▶ _AVAILABLE DATA_
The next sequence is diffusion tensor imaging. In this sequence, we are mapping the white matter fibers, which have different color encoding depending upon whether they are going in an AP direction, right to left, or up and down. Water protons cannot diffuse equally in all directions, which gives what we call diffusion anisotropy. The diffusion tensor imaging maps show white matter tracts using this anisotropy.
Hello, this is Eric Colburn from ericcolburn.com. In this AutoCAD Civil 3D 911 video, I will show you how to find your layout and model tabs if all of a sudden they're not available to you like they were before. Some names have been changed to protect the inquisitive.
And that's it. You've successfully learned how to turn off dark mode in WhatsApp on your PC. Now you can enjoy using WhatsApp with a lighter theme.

* * *

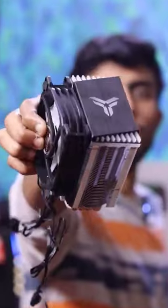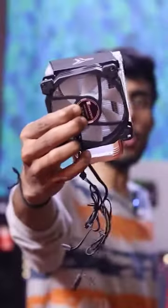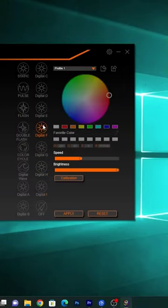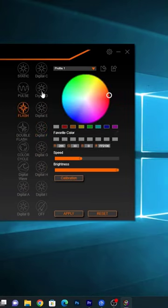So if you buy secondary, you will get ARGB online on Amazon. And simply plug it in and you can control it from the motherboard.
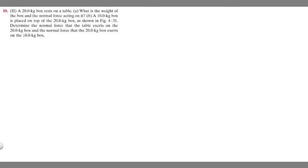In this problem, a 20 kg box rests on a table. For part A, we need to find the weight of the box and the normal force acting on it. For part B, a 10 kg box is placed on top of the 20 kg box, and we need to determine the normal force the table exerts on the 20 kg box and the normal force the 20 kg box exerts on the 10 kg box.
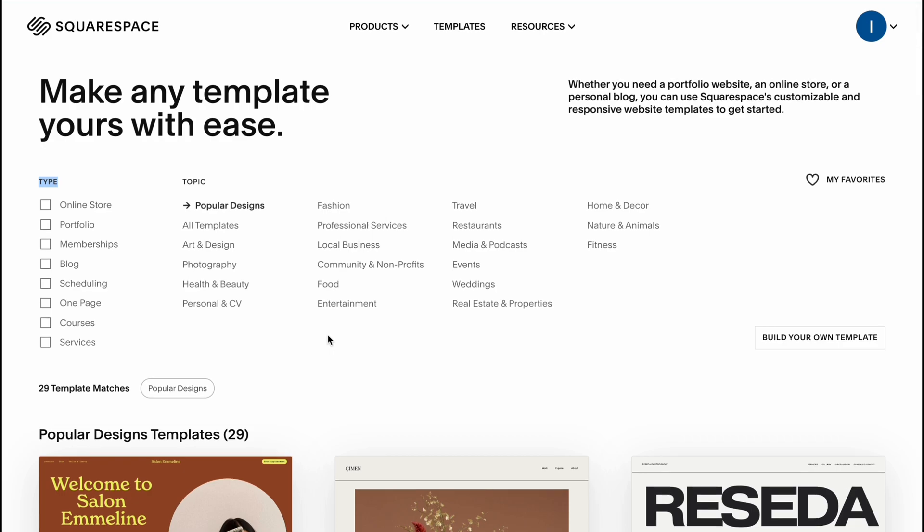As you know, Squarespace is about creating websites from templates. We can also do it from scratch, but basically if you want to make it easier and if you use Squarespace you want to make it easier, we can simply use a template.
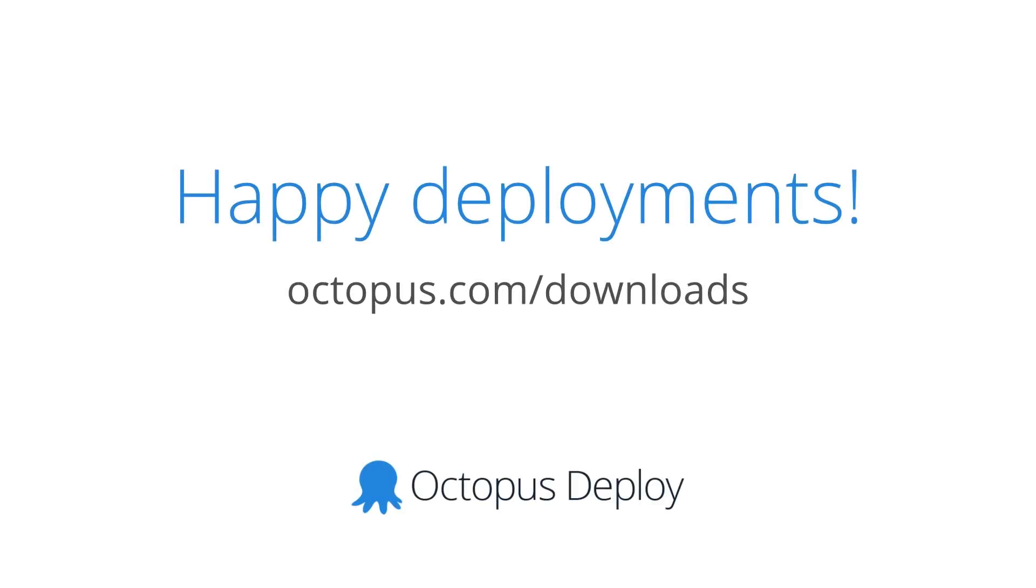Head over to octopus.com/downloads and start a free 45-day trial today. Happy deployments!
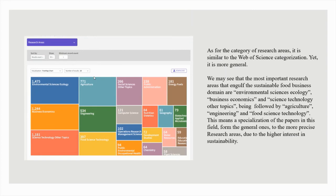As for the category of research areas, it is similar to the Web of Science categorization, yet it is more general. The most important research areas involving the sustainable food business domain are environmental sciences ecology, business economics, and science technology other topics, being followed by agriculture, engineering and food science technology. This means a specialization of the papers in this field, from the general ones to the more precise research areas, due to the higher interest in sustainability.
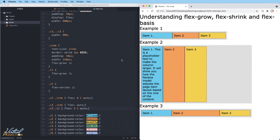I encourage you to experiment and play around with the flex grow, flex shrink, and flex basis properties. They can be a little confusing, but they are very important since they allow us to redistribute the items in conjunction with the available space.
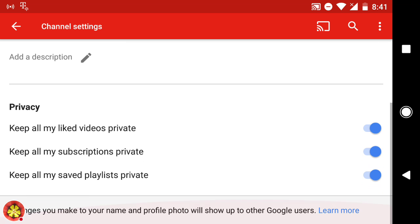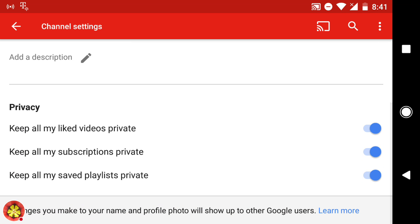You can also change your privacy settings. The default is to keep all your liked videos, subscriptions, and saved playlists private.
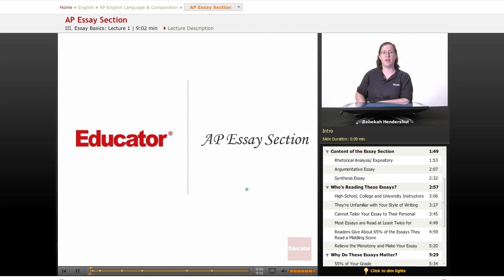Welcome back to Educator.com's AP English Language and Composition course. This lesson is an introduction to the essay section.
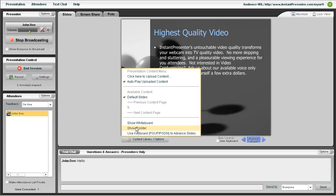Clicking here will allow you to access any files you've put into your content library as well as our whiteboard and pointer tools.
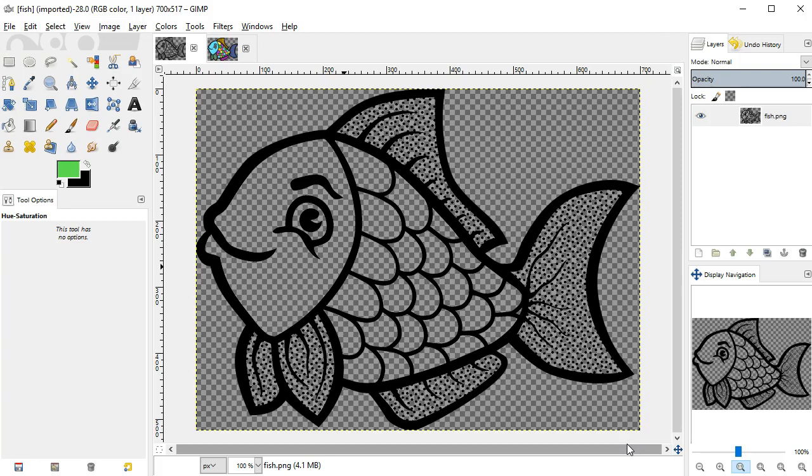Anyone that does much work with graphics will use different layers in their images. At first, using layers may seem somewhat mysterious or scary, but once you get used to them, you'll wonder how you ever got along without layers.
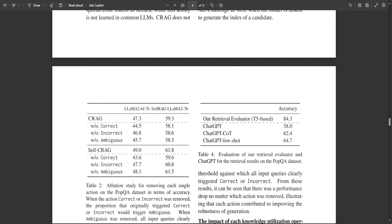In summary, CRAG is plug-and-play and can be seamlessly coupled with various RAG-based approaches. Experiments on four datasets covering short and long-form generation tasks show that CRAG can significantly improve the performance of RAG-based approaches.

▶ _WORK TO COMPLETE_
Please return the material above only from the line that holds "In this problem, a" through the line that holds "Head over to", exactly as it stands, ends included and pictures omitted.

▶ _RESPONSE TO THIS TASK_
In this problem, a 20 kg box rests on a table. For part A, we need to find the weight of the box and the normal force acting on it. For part B, a 10 kg box is placed on top of the 20 kg box, and we need to determine the normal force the table exerts on the 20 kg box and the normal force the 20 kg box exerts on the 10 kg box.
As you know, Squarespace is about creating websites from templates. We can also do it from scratch, but basically if you want to make it easier and if you use Squarespace you want to make it easier, we can simply use a template.
Head over to octopus.com/downloads and start a free 45-day trial today. Happy deployments!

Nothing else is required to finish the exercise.